L’intervista di Robert Mundell, premio Nobel per l’Economia del 1999, ha creato qualche polemica nel nostro Paese: infati secondo l’economista sarebbe l’Italia, più che la Grecia (o il Portogallo) il vero “pericolo” per l’area dell’Euro. Sono parole pesanti, soprattutto considerato che vengono dall’economista i cui studi, secondo molti, hanno posto le basi per la nascita dell’Euro, ma proprio per queste vanno analizzate in modo non superficiale.
Innanzi tutto, è importante premettere che Mundell non sta parlando di rischi “immediati”, quanto a medio-lungo termine. Ma andiamo con ordine.
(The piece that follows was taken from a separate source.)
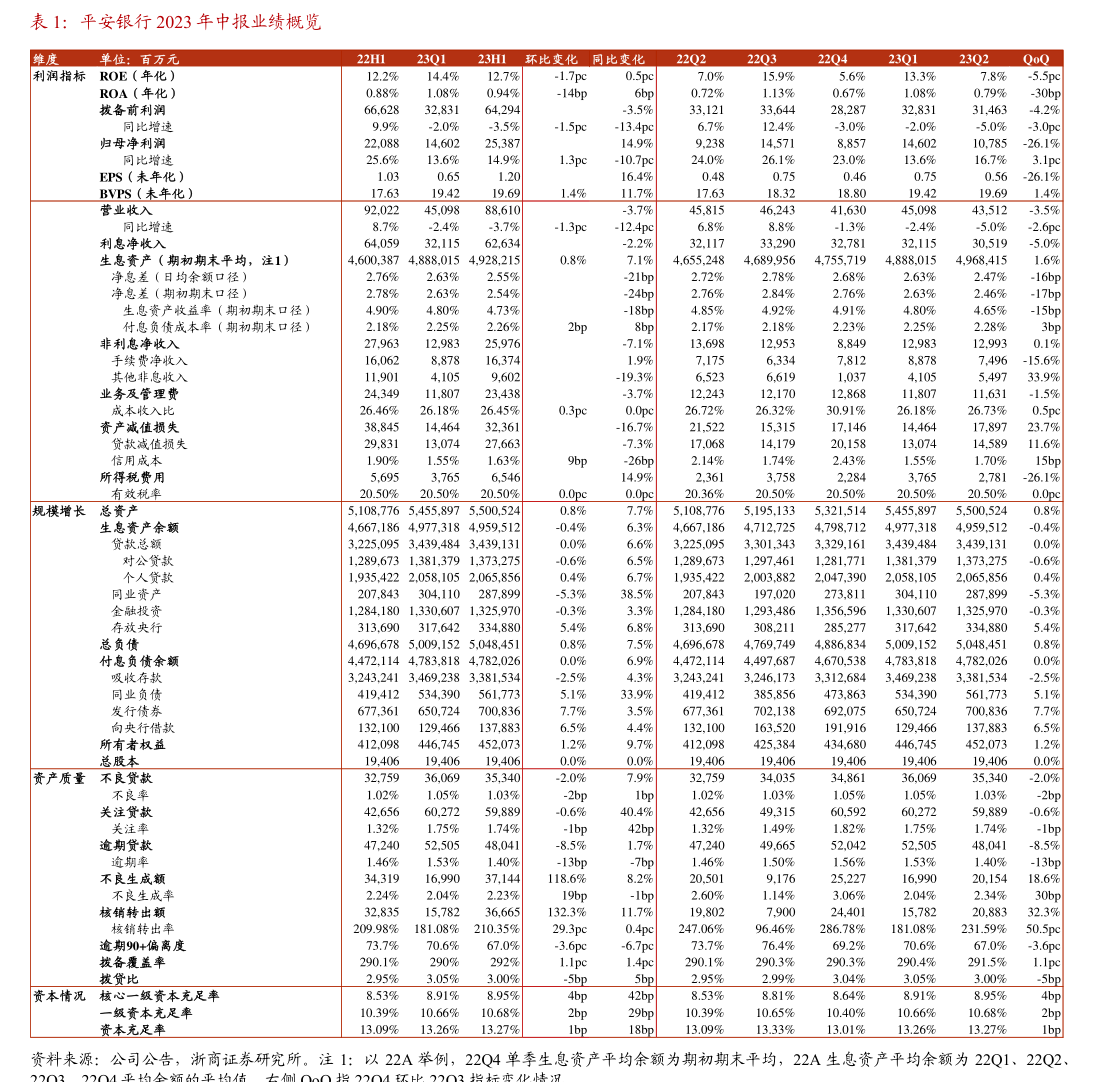 利欧股份 关于公司为关联方提供担保的进展公告及承接档案服务外包业务的相关说明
Secondo Mundell, la crisi della Grecia non mette in pericolo l’intera area dell’Euro, o l’Euro in sè come moneta: il paragone è con un ipotetico default della California, che non significherebbe un default del Governo USA né una “dissoluzione” del dollaro. Ma questo anche perché i valori in gioco sono relativamente limitati e un default della Grecia potrebbe essere sostenibile per l’area dell’Euro. Per quanto vada ricordato che un eventuale default della Grecia sarebbe il più grande della storia, così come un salvataggio dei conti greci sarebbe il più grande salvataggio della storia: il debito pubblico della Grecia ammonta a circa 250 miliardi di dollari. Per confronto, nel caso del default dell’Argentina si parlava di valori intorno ai 60 miliardi di dollari.
In un ipotetico default dell’Italia, i valori in gioco sarebbero nettamente superiori, dato che in questo caso parleremmo di un debito intorno ai 1.800 miliardi di Euro, poco meno di 2.500 miliardi di dollari: come dieci Grecie assieme. Diventa quindi intuitivo che una situazione del genere sarebbe ben più difficilmente sostenibile.
Se nel caso dell’Italia non c’è un pericolo immediato, questo non vuol dire che non vadano prese precauzioni — ed è proprio questo il senso del discorso di Mundell — implementando politiche per il contenimento del debito pubblico (o per incentivare la crescita del PIL, anche se più improbabile) per evitare che la situazione sfugga di mano.